Lo sfregiato, non soddisfatto di aver avuto la meglio nella scazzottata, aveva estratto un coltello a scatto, la cosiddetta molla, tipico strumento dei guappi del tempo che fu, infierendo sul povero anziano fino a lasciarlo agonizzante in un lago di sangue sul marciapiedi.
“Cose da pazzi, eh… Peppì…?”- disse l’ispettore, rivolto confidenzialmente al commissario.
“E’ questa città, Giuà… è la sua aria malefica che rende pazzi gli abitanti, e il fetore della munnezza c’entra poco”-, rispose il Vicedomini al suo sottoposto, nonché amico di tante battaglie vinte e perse nei meandri di quella metropoli tentacolare che somigliava più all’India che ad una città europea.
“Qui la pazzaria è lo sbocco naturale di una condotta di vita sempre sopra le righe in tutto…a ggente esce pazza tutte ‘e juorne, Giuà …e saje pecchè? Pecchè è figlia ‘e ’ na mamma pazza, e quanno a signora nun ce stà cchiù ca capa pure ‘e figlie primma o poi esceno pazze comma a essa.
E’ sempe stato accussì e sempe accussì sarrà, fino a quanno ‘sta femmena figlie nun ne farrà cchiù e se lascerà murì int’ò silenzio pe nun ffà cchiù rammaggie”.
“Però che tristezza, Peppì, non mi abituerò mai a queste dinamiche, nonostante le lordure ingoiate in tanti anni di servizio”.
“Non ci farai mai il callo perché sei un buon poliziotto oltre che un brav’uomo, Giovanni.
Chi si abitua alla merda lo diventa suo malgrado, e questo tipo di escremento è difficile che diventi cioccolata, amico mio”.
“Hai proprio ragione tu, Peppì, le cose stanno proprio così in questo posto maledetto e bellissimo, unico al mondo, frequentatissimo e disperatamente solo.
“Andiamo, va…Giuà…sta riprendendo a piovere, anche se temo non basteranno miliardi di litri di pioggia a lavare il sudiciume depositato dappertutto”.
Il commissario ed il suo vice risalirono in macchina e, una volta ritornati in Questura, provvidero ad emanare un comunicato, corredato da foto segnaletica, di Umberto Scognamiglio a tutte le volanti, affinché potessero acciuffare il reo nel minor tempo possibile, privandolo, cioè, della possibilità di riparare in luogo sicuro o addirittura di poter lasciare il paese.
Lo presero all’alba del giorno seguente, mentre si aggirava, logoro nelle vesti e lo sguardo allucinato, nei pressi della Stazione Centrale, alla ricerca disperata di un treno per sfuggire alle grinfie delle forze dell’ordine.

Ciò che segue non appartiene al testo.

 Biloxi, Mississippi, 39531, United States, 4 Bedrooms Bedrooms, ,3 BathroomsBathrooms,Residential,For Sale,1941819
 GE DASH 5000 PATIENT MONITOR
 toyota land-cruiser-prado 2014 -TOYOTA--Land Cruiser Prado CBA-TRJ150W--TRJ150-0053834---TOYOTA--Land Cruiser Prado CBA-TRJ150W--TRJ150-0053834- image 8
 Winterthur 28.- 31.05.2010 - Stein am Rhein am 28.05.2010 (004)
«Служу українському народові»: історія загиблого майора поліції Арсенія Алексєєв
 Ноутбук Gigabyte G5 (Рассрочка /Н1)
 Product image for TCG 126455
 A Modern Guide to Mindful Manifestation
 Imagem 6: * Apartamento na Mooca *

Non fece resistenza, fu ammanettato e portato in Centrale per la convalida del fermo e da lì spedito direttamente al carcere di Poggioreale in attesa del processo che certamente gli avrebbe riservato un’esemplare condanna.

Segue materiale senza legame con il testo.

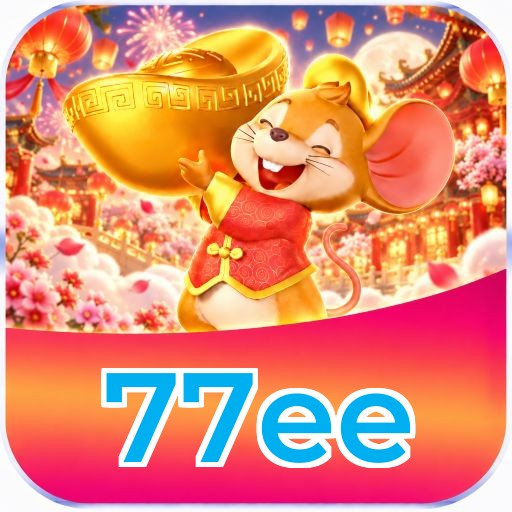 Especificações técnicas download 77ee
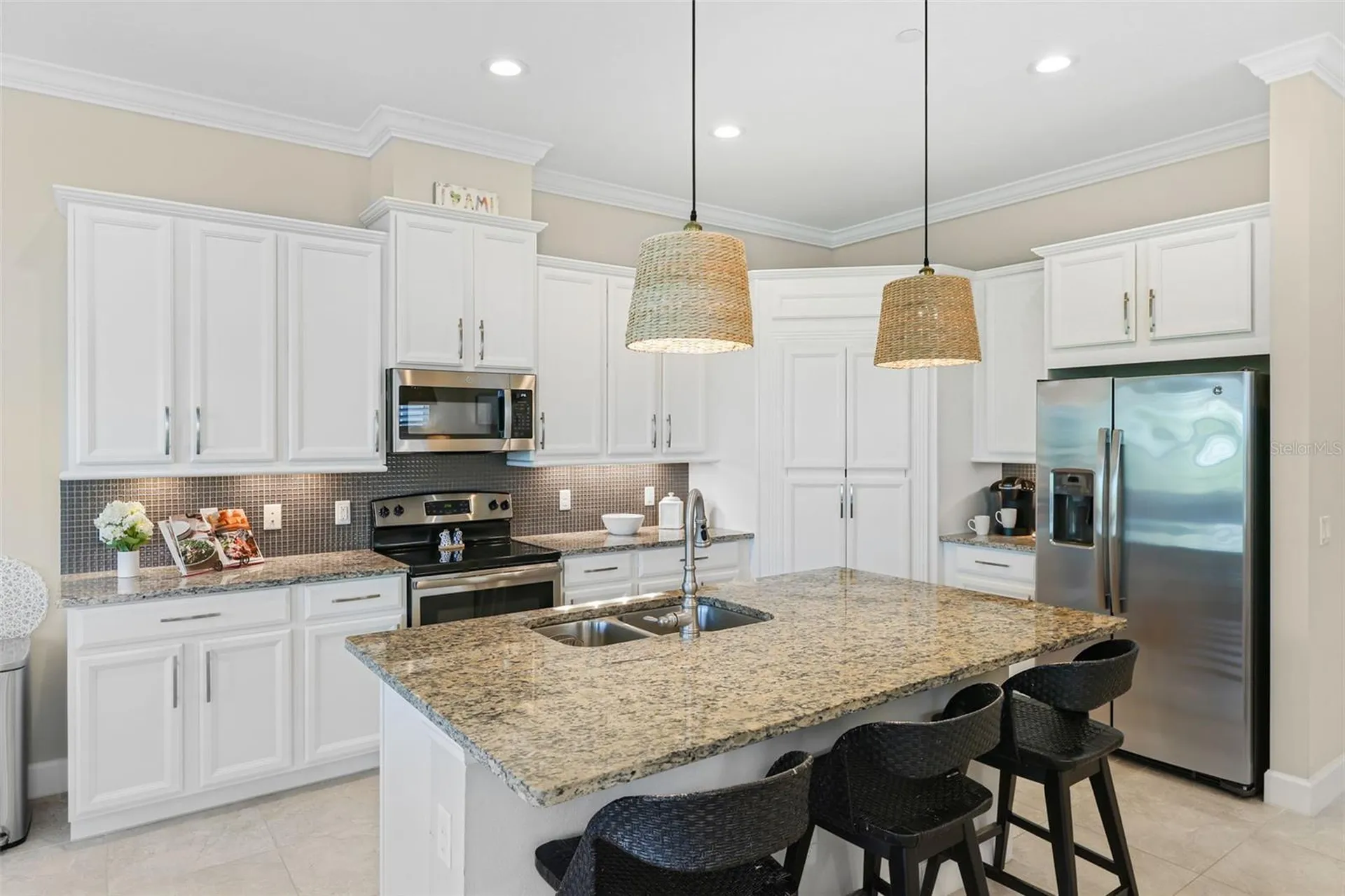 347 Compass Point Drive Bradenton FL 34209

Al termine di quell’altra dura giornata il Vicedomini tornava a casa al solito a piedi, abitudine maturata nel corso degli anni di servizio in quell’avamposto di frontiera e che gli restituiva una sensazione di piacevole rilassamento, come se si frapponesse un morbido cuscinetto protettivo, la debita distanza emotiva, fra il lavoro ed il confortevole rifugio della propria abitazione.
Pensava a Caterina, a come sarebbe potuto essere ed a come non era stato.
La pioggia veniva giù a secchiate.
Specchiando il viso nel riflesso dell’acqua sui marciapiedi il commissario rimuginava sul menù da assemblare per cena: magari avrebbe optato ancora per la solita pizza da infornare nel microonde ed il tg di prima serata quale unica compagnia prima di spegnere tutto e andare a dormire.